Commodore 64 Concept Art, published and Abandon-ware Part 2




HADES NEBULA


Sometime in 1985/1986, Myself (Ned Langman), Darren Melbourne and the rest of us, when not wandering aimlessly around the streets of Welling, would hit the arcades and pile all our cash into games like Xevious, Slap Fight and, best of all, Star Force - an intense space shoot-em-up.

Starforce
Uridium - C64


And when Uridium came out on the C64 in 1986, we were inspired, under the name Paranoid Software (taken from Space Paranoids in Tron) to make Hades Nebula for the Commodore 64 with me on pixel duty and Mark Greenshields coding. Nexus Software published it in 1987.

Recently I found loads of concept art in my attic. This one was supposed to be one of the end of level bosses.
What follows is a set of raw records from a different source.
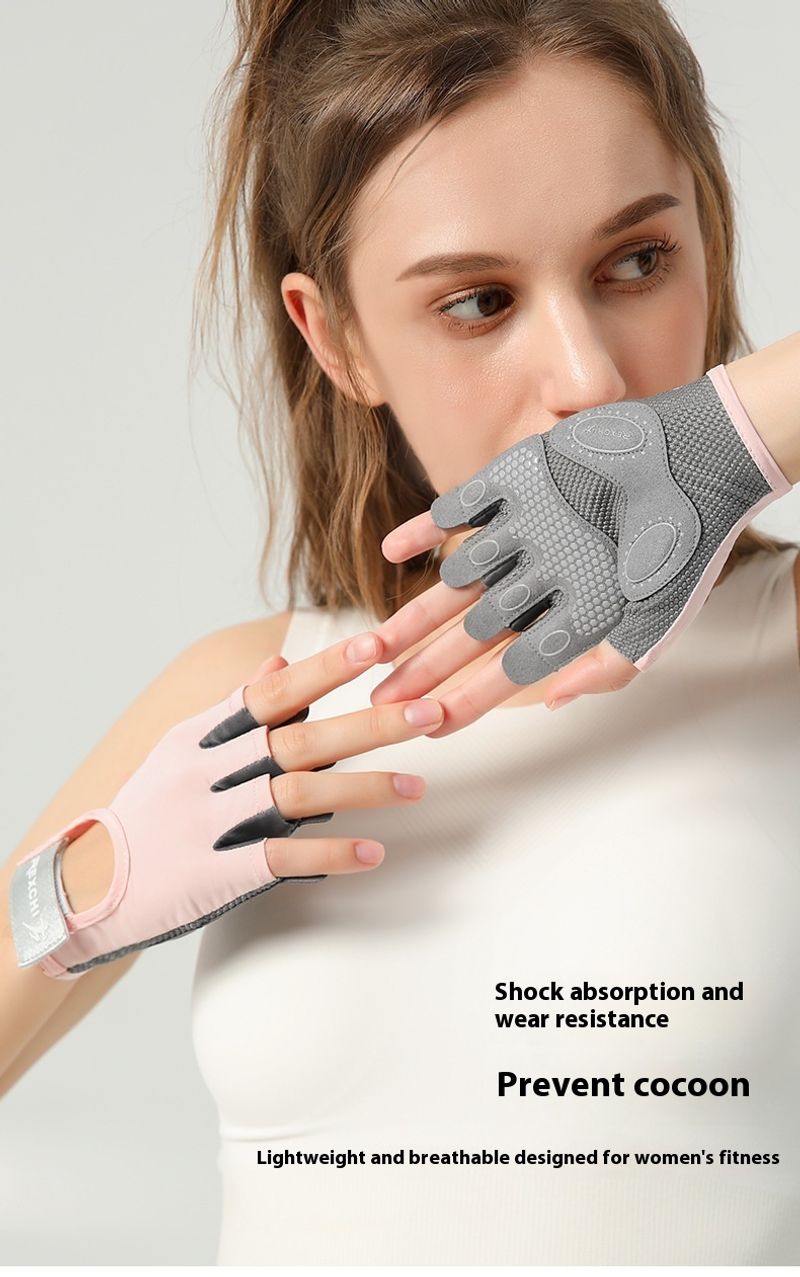 Sports Riding Half Finger Bike Wear resistant and Anti slip Silicone Shock Absorbing Fiess Gloves_voghion.com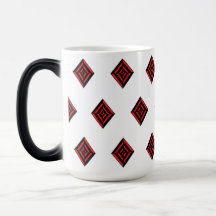 Red and Black Geometric Diamond Pattern Modern Tot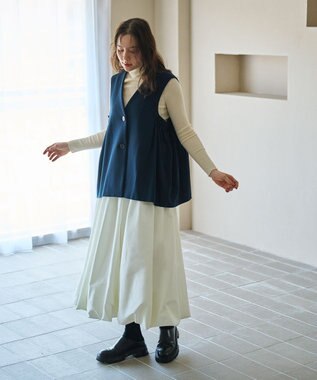 #Newans 【セレモニーにも】〈亀恭子さんコラボ〉サイドギャザージレ ネイビー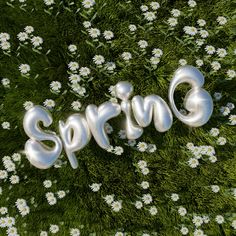 the word spring spelled out in metal letters surrounded by daisies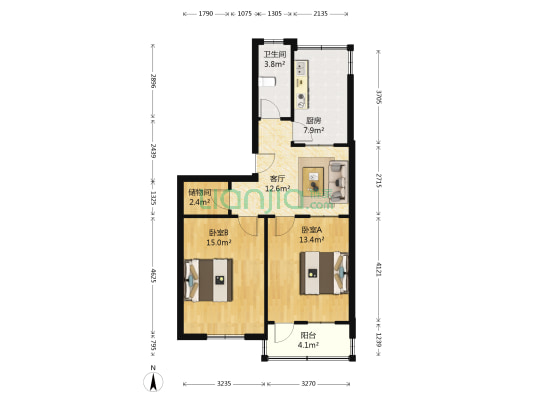 洪楼小区南区 2室1厅1卫 73平方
It makes me laugh to read all the notes now! I was only about 17. But it was the law in those days to have a cheesy back-story. And we were hoping to do lots of sequels.



Everyone was obsessed with gray-scale shading back then, so all games had embossed slabs or metal spheres. Sadly, I gave the wrong colour palette data to Mark, so the climactic end of game boss, Emperor Hades' ship (pictured above) was in inverted colours and looked all corrupted!






That big guy with the gun is not Thanos! It's the big bad Emperor Hades. We were going to have platform shooter levels in the sequel, but that idea mutated into something else.



Aw bless, I remember being really pleased with that when I did it! Just as well I had a day-job. I do remember us all being very excited when we saw the box artwork. Having your first game published and seeing it in the shops was such a high, even if the game was balls-hard to play. 

Image result for hades nebula art

Also, special respect to the late Ben Daglish who composed the excellent music, which I think might be the thing people remember most about the game, but that's cool by me!